Since only part of the material below is wanted, output exactly the lines from the one with "4th image of 3402 20th Avenue Ct SE" up to and including the one with "Dining room, Interior, Kitchen, Pendant".

Materials provided>
=====
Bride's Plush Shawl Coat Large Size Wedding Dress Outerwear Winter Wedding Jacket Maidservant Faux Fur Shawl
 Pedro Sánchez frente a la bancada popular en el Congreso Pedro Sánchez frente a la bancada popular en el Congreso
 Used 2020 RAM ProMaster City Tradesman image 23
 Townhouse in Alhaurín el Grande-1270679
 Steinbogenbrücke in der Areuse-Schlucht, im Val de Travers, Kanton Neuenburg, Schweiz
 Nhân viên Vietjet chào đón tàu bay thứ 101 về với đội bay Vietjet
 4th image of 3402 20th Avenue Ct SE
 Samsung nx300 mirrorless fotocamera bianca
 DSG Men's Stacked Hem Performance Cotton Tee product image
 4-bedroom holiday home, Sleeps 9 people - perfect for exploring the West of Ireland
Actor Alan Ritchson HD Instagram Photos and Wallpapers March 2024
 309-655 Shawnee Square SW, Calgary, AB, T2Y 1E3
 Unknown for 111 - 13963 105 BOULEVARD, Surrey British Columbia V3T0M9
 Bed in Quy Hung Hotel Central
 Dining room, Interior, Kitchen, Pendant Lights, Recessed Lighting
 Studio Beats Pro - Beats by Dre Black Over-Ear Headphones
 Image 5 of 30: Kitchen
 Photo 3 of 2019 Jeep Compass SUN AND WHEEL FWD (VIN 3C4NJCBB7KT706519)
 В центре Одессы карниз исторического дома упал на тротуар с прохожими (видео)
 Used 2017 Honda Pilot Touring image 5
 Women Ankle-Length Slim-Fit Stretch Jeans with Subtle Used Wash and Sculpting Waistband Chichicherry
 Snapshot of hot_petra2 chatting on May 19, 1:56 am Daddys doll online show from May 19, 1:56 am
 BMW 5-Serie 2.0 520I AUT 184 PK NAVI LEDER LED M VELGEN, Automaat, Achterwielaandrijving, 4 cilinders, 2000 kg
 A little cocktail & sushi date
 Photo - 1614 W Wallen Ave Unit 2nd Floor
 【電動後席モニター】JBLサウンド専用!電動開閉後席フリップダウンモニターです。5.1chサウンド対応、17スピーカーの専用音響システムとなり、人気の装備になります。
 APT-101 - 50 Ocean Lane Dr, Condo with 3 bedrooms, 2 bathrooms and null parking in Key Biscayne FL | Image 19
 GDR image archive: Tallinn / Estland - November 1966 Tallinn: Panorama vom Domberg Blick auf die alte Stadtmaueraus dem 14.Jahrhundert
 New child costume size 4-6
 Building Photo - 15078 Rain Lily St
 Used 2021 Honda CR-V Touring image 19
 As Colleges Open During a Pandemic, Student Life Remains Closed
=====
Written solution>
 4th image of 3402 20th Avenue Ct SE
 Samsung nx300 mirrorless fotocamera bianca
 DSG Men's Stacked Hem Performance Cotton Tee product image
 4-bedroom holiday home, Sleeps 9 people - perfect for exploring the West of Ireland
Actor Alan Ritchson HD Instagram Photos and Wallpapers March 2024
 309-655 Shawnee Square SW, Calgary, AB, T2Y 1E3
 Unknown for 111 - 13963 105 BOULEVARD, Surrey British Columbia V3T0M9
 Bed in Quy Hung Hotel Central
 Dining room, Interior, Kitchen, Pendant Lights, Recessed Lighting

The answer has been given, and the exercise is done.